Wafers in which devices such as ICs and LSIs are formed in each region divided into a plurality of planned division lines formed in a grid pattern on the front surface are scheduled to be divided after the back surface is ground and processed to a desired thickness. It is divided into individual chips along the line, and the divided chips are widely used in various electronic devices such as mobile phones and personal computers.

The wafer is supported by an annular frame via a dicing tape, which is an adhesive tape, and is mounted on a chuck table of a cutting device in this state. A cutting device called a dicer equipped with a cutting unit that rotatably supports a cutting blade is widely used for cutting a wafer.

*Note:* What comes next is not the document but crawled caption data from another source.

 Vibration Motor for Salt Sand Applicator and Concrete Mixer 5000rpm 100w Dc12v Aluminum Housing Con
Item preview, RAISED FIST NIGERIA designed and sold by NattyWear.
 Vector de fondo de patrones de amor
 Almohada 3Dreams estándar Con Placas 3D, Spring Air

In cutting with a cutting device, a cutting blade having an annular cutting edge with a thickness of about 20 to 40 μm is rotated at high speed to cut into a wafer, and a dividing groove is formed along the planned dividing line. Width is needed.

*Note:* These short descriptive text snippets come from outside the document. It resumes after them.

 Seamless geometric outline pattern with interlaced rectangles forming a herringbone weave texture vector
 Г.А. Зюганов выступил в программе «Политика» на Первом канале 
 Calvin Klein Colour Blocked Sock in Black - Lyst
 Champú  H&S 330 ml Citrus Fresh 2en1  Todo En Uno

Therefore, in recent years, as a method of narrowing the width of the planned division line and increasing the share of device chips from one wafer, a modified layer is irradiated inside the wafer by irradiating the wafer with a laser beam having a wavelength having transparency. A method of applying an external force to a wafer to divide the wafer into individual chips using the modified layer as a division starting point is disclosed in, for example, Japanese Patent Application Laid-Open No. 2005-129607.

Further, after the modified layer is formed at a position equal to or higher than the finished thickness of the device chip from the surface of the wafer by irradiation with a laser beam, the back surface of the wafer is ground and the modified layer is divided by grinding stress. A method is also known in which the wafer is divided into individual chips, and the wafer is ground to a predetermined thickness until the modified layer is removed to divide the wafer into individual chips. This method is also called SDBG (Stealth Dicking Before Grinding).

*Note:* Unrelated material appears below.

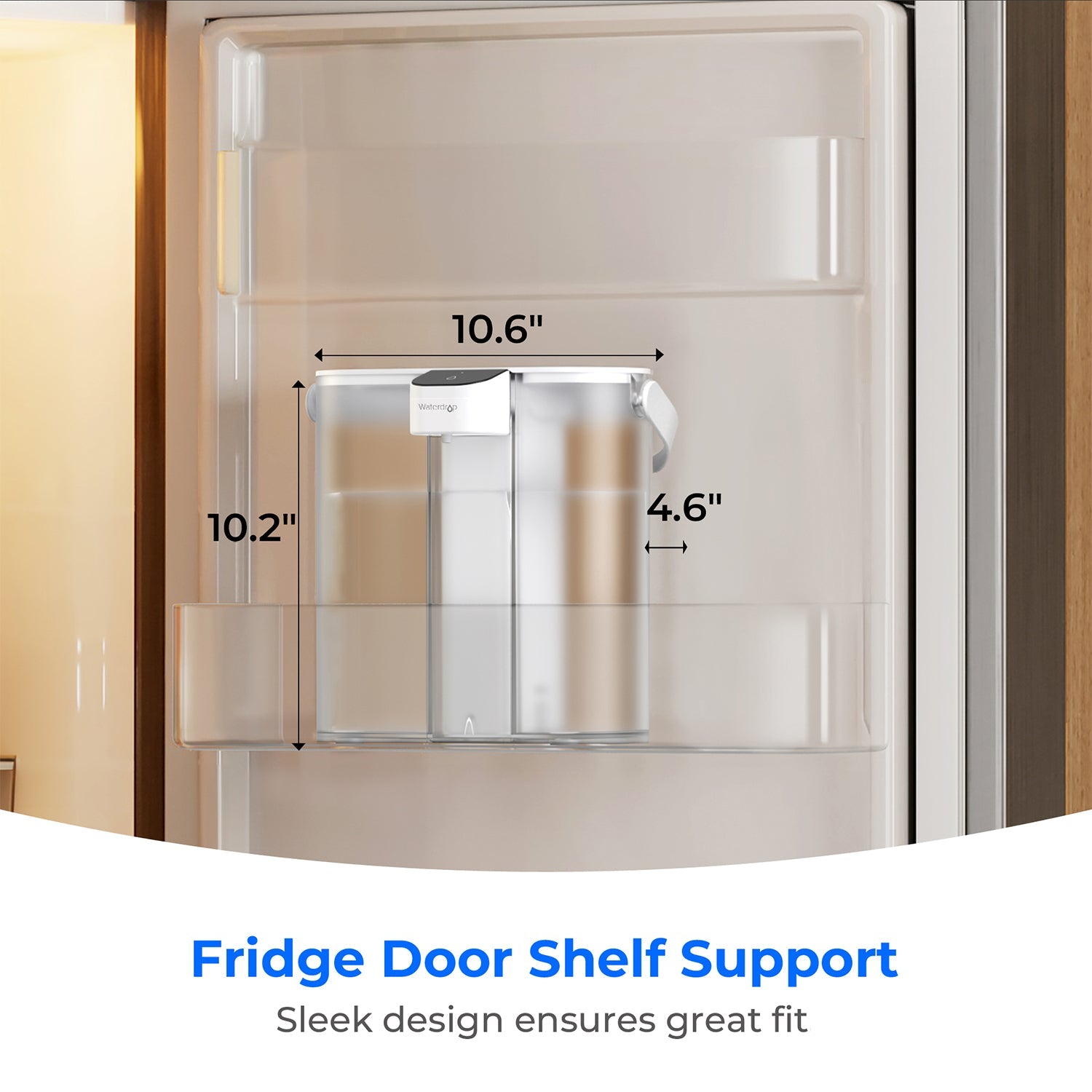 Waterdrop Electric Water Filter, ED02 Countertop Water Filtration System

In these methods, since there is almost no space between the divided chips, there is a problem that adjacent chips come into contact with each other during handling after dividing the wafer into individual chips, resulting in chipping of the chips. is there.

In order to solve this problem, for example, Japanese Patent Application Laid-Open No. 2010-147317 states that after the tape is expanded and the wafer is divided into a plurality of chips, the tape is loosened between the outer peripheral edge of the wafer and the inner circumference of the annular frame. Described is a tape expansion method capable of accurately contracting only the slack region to be contracted without contracting the portion between the chips in the tape when the region is heated and contracted.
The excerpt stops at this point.